# SHOUTcast server...



## Knödelkopf (9. Januar 2004)

also...
hallo erstma. Ich muss jetzt doch nochmal nachhacken. 
welches muss ich mir jetzt bei http://www.shoutcast.com/download/files.phtml   runterladen ? 
ich hab mir mal SHOUTcast FreeBSD 4.x server v1.9.2 gezogen aber ich hab null ahnung wo ich mit den dateien hin soll.....
bitte helft mir mal jemand...

_______________
Verzweifelter chris


----------



## caraoge (15. Januar 2004)

Welches Betriebssystem ist auf deinem Server?

Bei Windows musst du dir die win32 Version runterladen und mit der Installationsroutine Installieren.

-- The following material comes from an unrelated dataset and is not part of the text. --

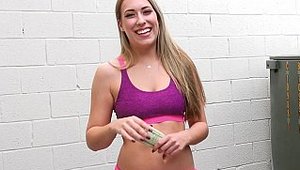 PublicPickups: Kimber Lee workout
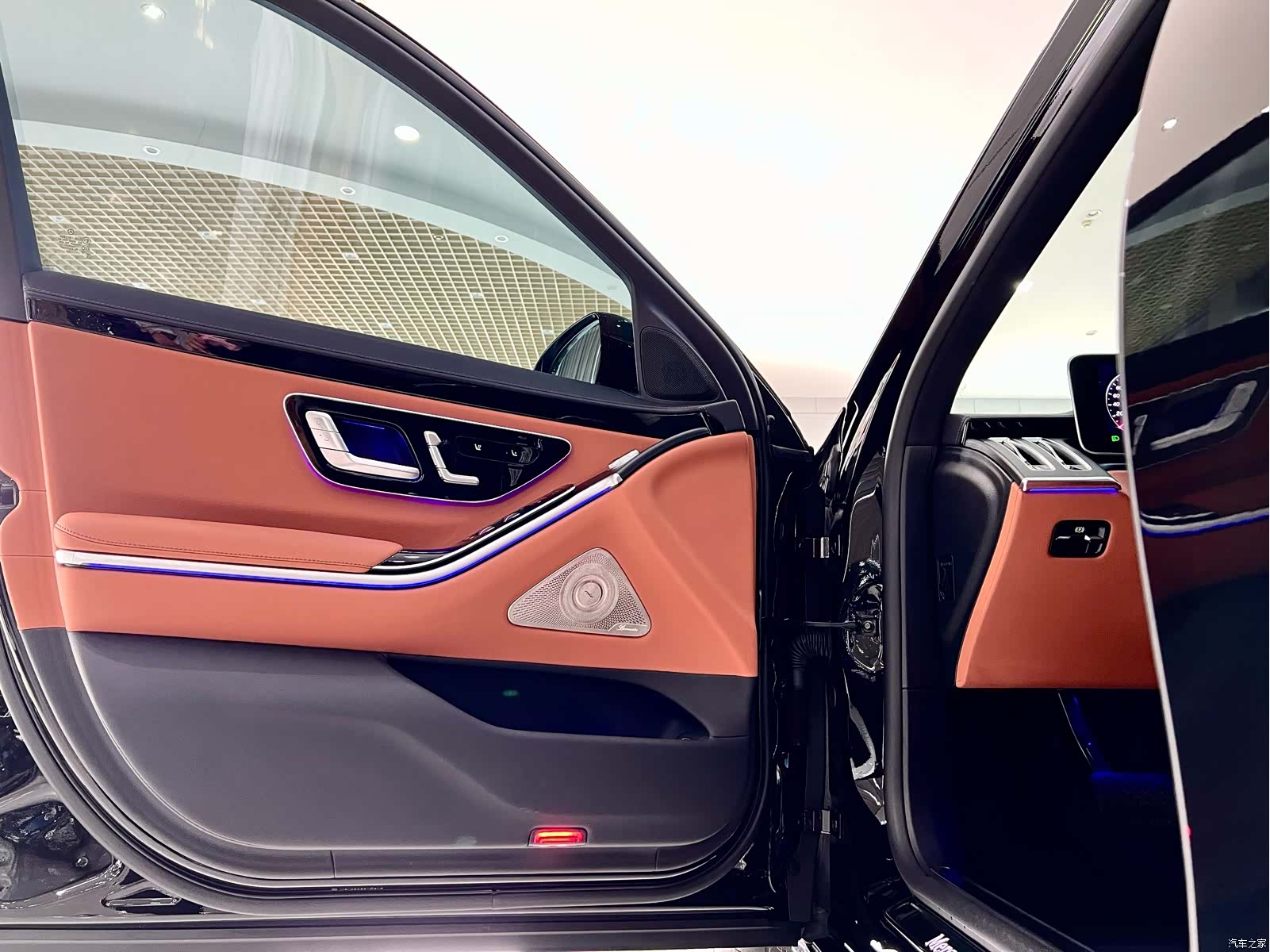 Mercedes-Benz S-Class, 2024 22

Bei Linux/Unix Servern musst du dir das Entsprechende Packet ziehen (Bei Linux " SHOUTcast Linux server (glibc) v1.9.2" , bei FreeBSD "SHOUTcast FreeBSD 4.x server v1.9.2", usw.)
Danach das Paket in einem belibigen verzeichnis auf dem Server 

Wenn das geschehen ist, musst du noch die "sc_serv.conf" anpassen.
Danach musst du die "sc_serv.exe" (win32) oder die "sc_serv" (Unix/Linux) ausführen.


----------